Par Florence Somer, Jean-Charles Ducène
Publié le 02/03/2022 • modifié le 03/03/2022 • Durée de lecture : 9 minutes

Abū Ḥāmid al-Ġarnāṭī, Tuḥfat al-albāb, Paris, Bnf, ms arabe 2168, f. 19v, pyramide de Kheops.

Qui est ce savant et pourquoi son œuvre nous intéresse-t-elle ?

Quoique Jamal al-Dīn soit né et ait exercé son intelligence en Egypte, il provient d’une illustre famille « marocaine », celle des Idrīsīdes qui, apparentée au Prophète Muhammad, avait fondé le premier Etat musulman au Maroc actuel à la fin du VIIIe siècle. Ayant perdu le pouvoir deux siècles plus tard, certains descendants restèrent sur place avant d’émigrer ailleurs, ce que fit le père de notre auteur dans le courant du XIIe siècle.

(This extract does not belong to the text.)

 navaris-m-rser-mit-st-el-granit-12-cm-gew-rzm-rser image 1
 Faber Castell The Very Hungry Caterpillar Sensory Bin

Sa famille s’est d’abord établie en Haute Egypte et Jamal al-Dīn voit ainsi le jour dans un village près de Dendera. Il fera carrière plus tard, au Caire. En tant que descendant du Prophète par al-Ḥassan, c’est un shérif, et il accède légitimement au poste de généalogiste en chef des Ḥassanides en Egypte. Par ailleurs, il est aussi lié à des familles de hauts fonctionnaires, son beau-frère est Ibn Mammātī (m. 1209), qui a laissé un important traité sur l’administration fiscale du pays et un opuscule également sur les Pyramides.

Jamal al-Dīn est d’un intérêt particulier parce qu’il est quasi le premier savant musulman à s’intéresser avec passion aux vestiges de l’Egypte préislamique - temples, monuments, sculptures, pyramides - et à les voir comme des traces d’un passé glorieux plus que comme des reliquats d’un paganisme hautain seulement digne d’être abhorré. Il composa ainsi un ouvrage sur la Haute Egypte, un autre sur les merveilles de l’Egypte - tous deux non conservés - et un troisième sur les pyramides, qui lui vaut sa célébrité. Incidemment, on comprend qu’il s’est promené à Héliopolis et Memphis en compagnie d’autres savants égyptiens curieux et intéressés par ces vestiges antiques.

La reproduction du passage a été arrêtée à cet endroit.